No diálogo, Bolsonaro diz que encostou “um ferro quente” no equipamento e confirma que se tratava de um ferro de solda. Ele também afirmou que não chegou a romper a pulseira. Pouco depois da meia-noite, às 00h07 deste sábado, o sistema de monitoramento apontou alerta de violação. A equipe da Seap foi até a casa do ex-presidente, que inicialmente disse ter batido a tornozeleira na escada.

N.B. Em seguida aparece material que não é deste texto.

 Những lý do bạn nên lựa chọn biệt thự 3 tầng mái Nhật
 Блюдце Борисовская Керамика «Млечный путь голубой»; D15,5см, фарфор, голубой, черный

Ao verificar o equipamento, os agentes encontraram marcas de queimadura em toda a parte de fechamento do dispositivo. A tornozeleira foi substituída, e a danificada foi recolhida para análise.
Após o episódio, o ministro Alexandre de Moraes determinou a prisão preventiva do ex-presidente. O despacho, o relatório da Seap e o vídeo do momento da inspeção tiveram o sigilo retirado.
Bolsonaro recebeu a visita dos advogados, que informaram que vão recorrer da decisão. A defesa tem 24 horas para explicar ao Supremo Tribunal Federal a tentativa de violação do equipamento.